Gaël me prête sa hache pour couper des billots pour solidifier le tour de notre tombeau. Je ne me suis pas senti aussi viril depuis mes cours de chasse au dindon sauvage, il y a quelques années (oui, j’ai vraiment fait ça).

Je commence à kiffer pour de vrai, comme si j’avais appris à me concentrer sur la seule chose importante sur terre présentement : me fabriquer un abri et ne pas mourir gelé.

J’ai faim comme jamais. Gaël sort du jerky séché, Charlot et son fils ont d’appétissants sandwichs. Comme j’ai lu un peu vite la portion « apportez votre bouffe » des consignes, je mange des amandes en sachet.

Plus que 24 h avant de retrouver la civilisation ET mon micro-ondes.

Entretien avec un feu de camp

Je profite de notre première pause pour faire plus amples connaissances avec mes colocs. Charlot habite dans une « maison de hobbit » en bois rond, sur une terre. Un vrai de vrai gars de bois. La formation ne le dépayse pas trop. Son fils partage son temps entre chez lui et Montréal, où habite sa mère. Il préfère la ville, mais semble quand même à l’aise dans le bois.

J’ai le dos en compote. Dire qu’il y a deux jours, l’ostéopathe me l’a ramanché en me souhaitant que ce week-end ne soit pas trop pénible. Ça l’est.
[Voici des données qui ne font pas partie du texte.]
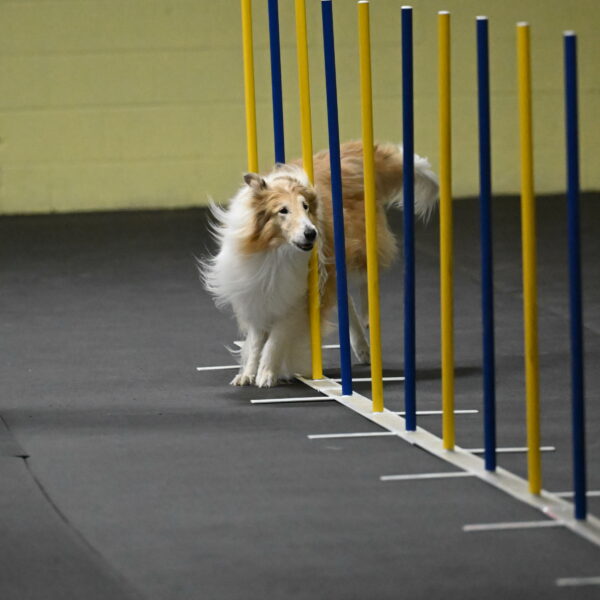 Attie-Schaffer-15119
Mais c’est aussi magnifique. Le jour tombe et un ciel de feu disparaît derrière le sol immaculé et la cime des épinettes. Un motoneigiste s’arrête pour immortaliser la scène avec son téléphone.

« COME ON IN!!!! »

On nous convoque à nouveau. Lucie, une instructrice, nous donne des devoirs pour la nuit : fabriquer une cuillère ou une lance avec le feu (j’ai oublié le nom de la méthode, mais les chasseurs de mammouths faisaient ça, il paraît). Et se faire une tisane avec les épines de n’importe quel conifère des environs, sauf un qui est mortel et dont j’ai oublié le nom. (Si je meurs, je vais réaliser en expiant l’importance de retenir les noms.)

Fuck les devoirs. Cette expérience est déjà assez pénible de même, pas question de m’infliger en plus une tisane au sapin, putain.
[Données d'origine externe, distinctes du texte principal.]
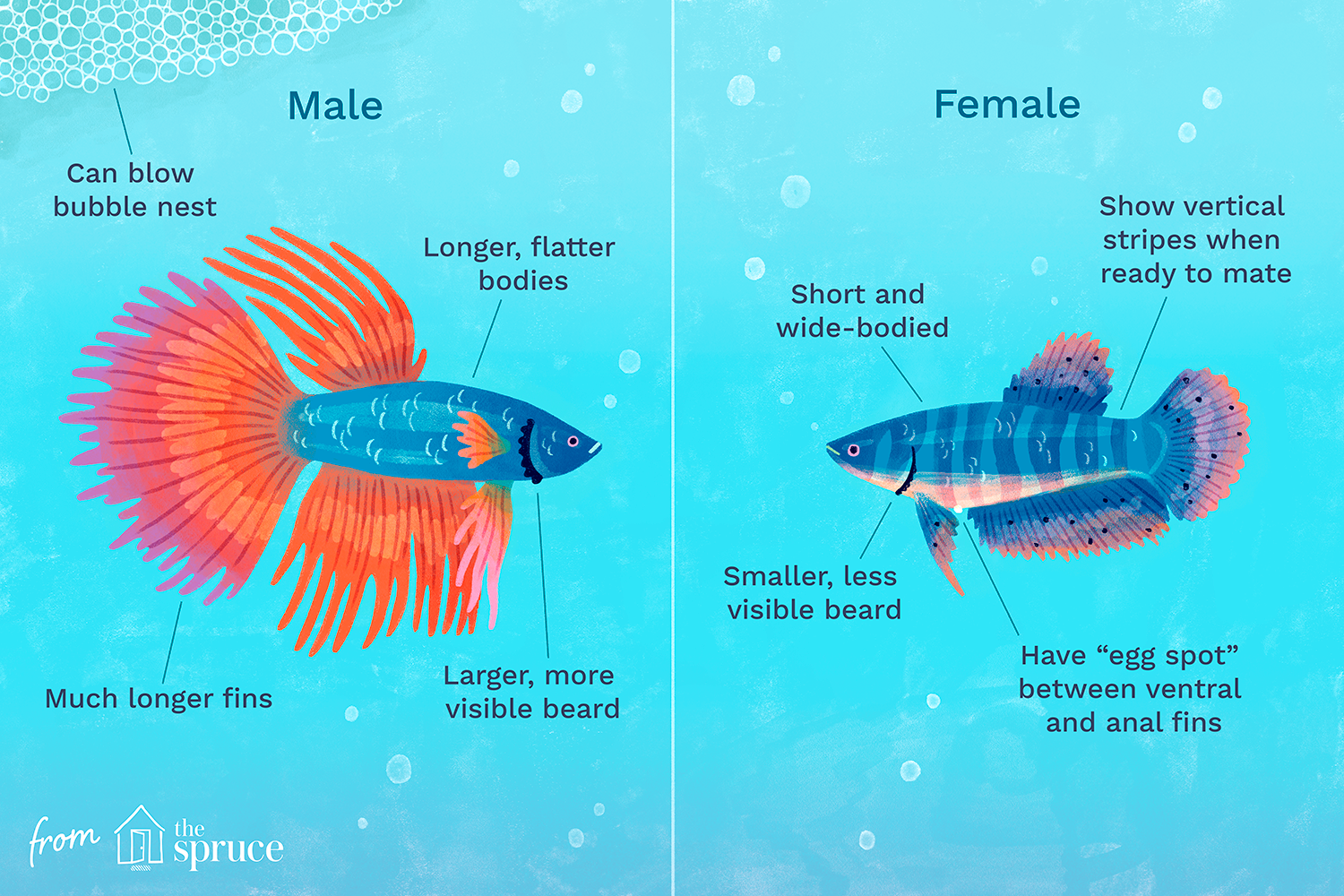 determining gender of beta fish illustration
On nous prépare à la nuit qui s’en vient. Ça ne sera pas facile, puisque notre corps passera son temps à nous crier très très fort des choses du genre : C’EST L’HEURE DE RENTRER, BORDEL. On nous prédit tout au plus quelques siestes ponctuelles. « Pour moi, 20 siestes de 5 minutes, c’est une bonne nuit », lance Dominic, un instructeur.

Brûle en enfer, Dominic.

Bon, ça caille. C’est l’heure de partir notre feu et se faire une bouffe. Mes amandes commencent à être loin. Je ne veux pas trop manger pour m’éviter des visites aux chiottes à l’extérieur par contre. Un fin renard, je suis.

En attendant la leçon « frotter du bois pour partir un feu », qui est demain, on utilise des bonnes vieilles allumettes. La chaleur du feu est jouissive. Charlot a une blessure à la clavicule et porte une attelle. « Ouais je me disais aussi que c’était peut-être pas l’idée du siècle de venir quand même… », admet-il, en se roulant un joint.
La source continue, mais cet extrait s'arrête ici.